DATASET EXCERPTS:
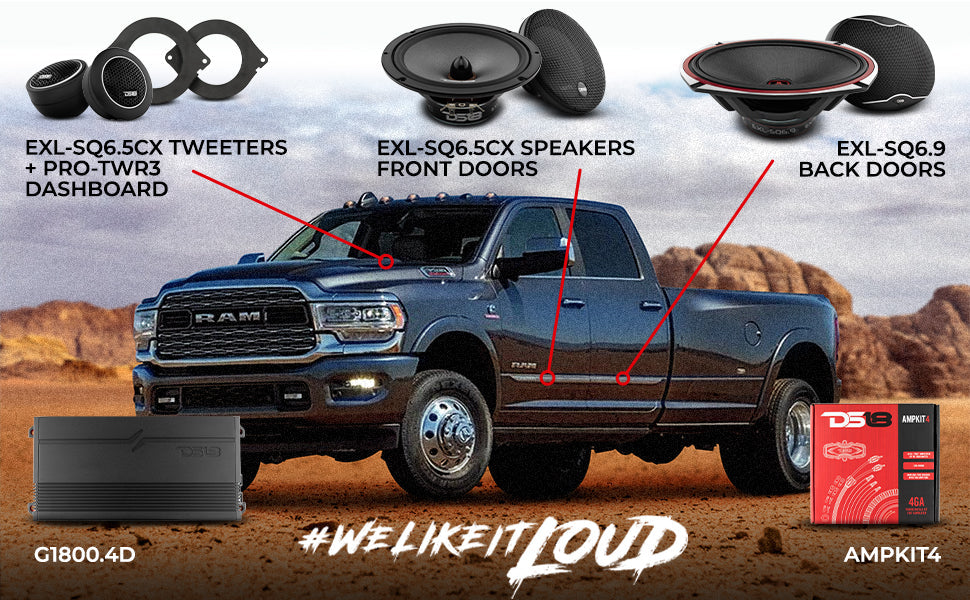 DS18 2012-2021 RAM 3500 Crew and Quad Cab Front and Back Doors Speakers Best Upgrade/Replacement Package 1800 Watts - DS18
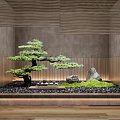 Japanese style landscape sketch courtyard sketch 3d model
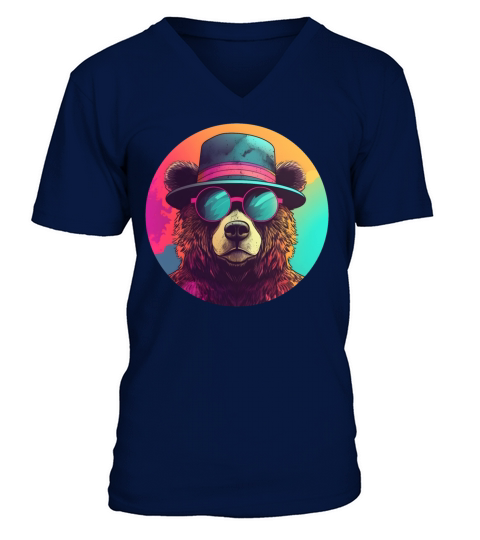 Vintage 80s 90s Nostalgic Bear Lovers V-Neck T-shirt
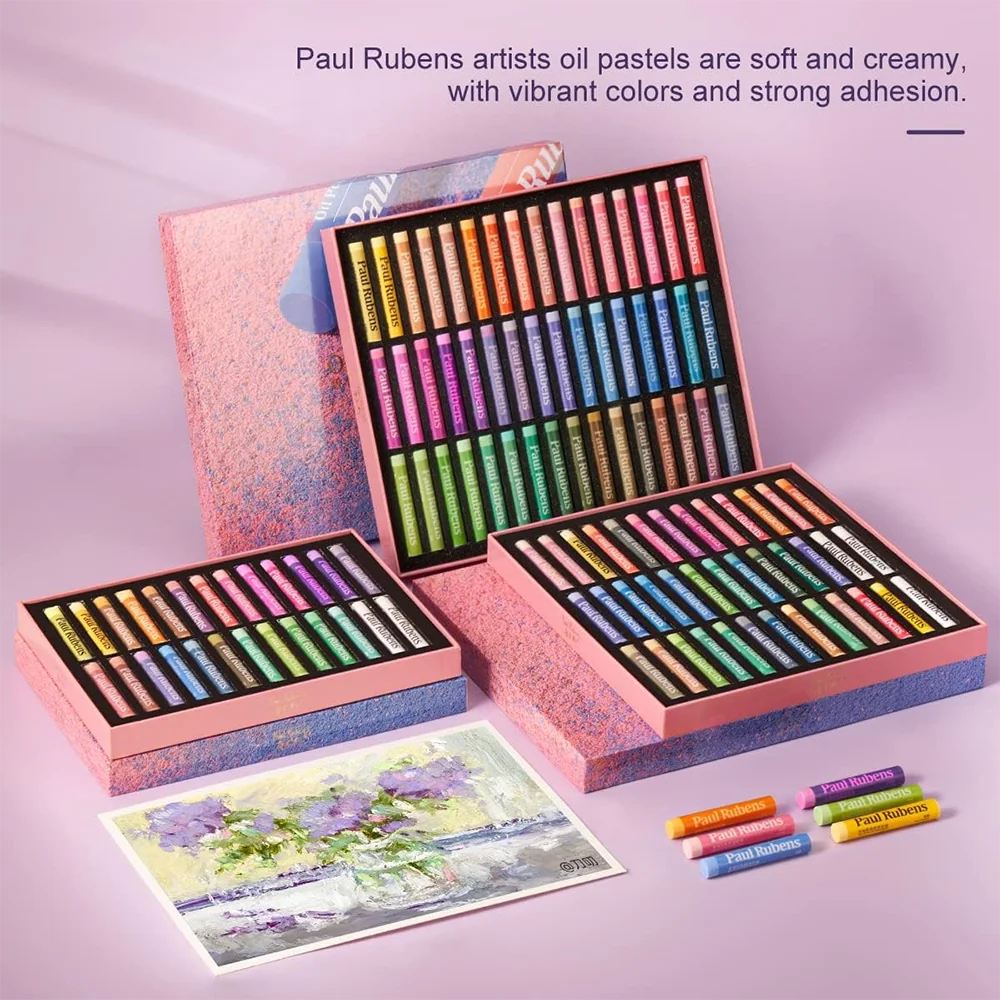 Paul Rubens Macaron 48 Colors Oil Pastel Set Soft Non-Toxic Professional Painting Art Supplies Suitable for Artist Student Kid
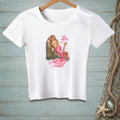White t-shirt with mermaid holding a mirror and text that says "NO NOTES."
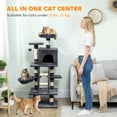 thumbnail image 4 of PawHut Arbre à Chat pour Chats d'Intérieur avec Condo pour Chat, Hamac, Lit, Gris Foncé, 4 of 10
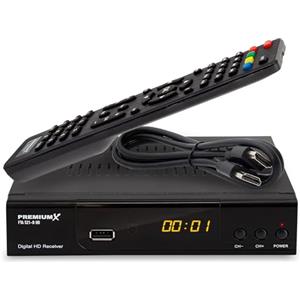 Premium X PremiumX - Ricevitore satellitare HD 521 FTA Digital SAT TV DVB-S2 FullHD HDMI SCART 2X USB, lettore multimediale, 12V, alimentatore esterno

WHAT YOU ARE ASKED TO DO:
An exact copy of the records above is needed, with the pictures removed.

SOLVED PROBLEM:
 DS18 2012-2021 RAM 3500 Crew and Quad Cab Front and Back Doors Speakers Best Upgrade/Replacement Package 1800 Watts - DS18
 Japanese style landscape sketch courtyard sketch 3d model
 Vintage 80s 90s Nostalgic Bear Lovers V-Neck T-shirt
 Paul Rubens Macaron 48 Colors Oil Pastel Set Soft Non-Toxic Professional Painting Art Supplies Suitable for Artist Student Kid
White t-shirt with mermaid holding a mirror and text that says "NO NOTES."
 thumbnail image 4 of PawHut Arbre à Chat pour Chats d'Intérieur avec Condo pour Chat, Hamac, Lit, Gris Foncé, 4 of 10
 Premium X PremiumX - Ricevitore satellitare HD 521 FTA Digital SAT TV DVB-S2 FullHD HDMI SCART 2X USB, lettore multimediale, 12V, alimentatore esterno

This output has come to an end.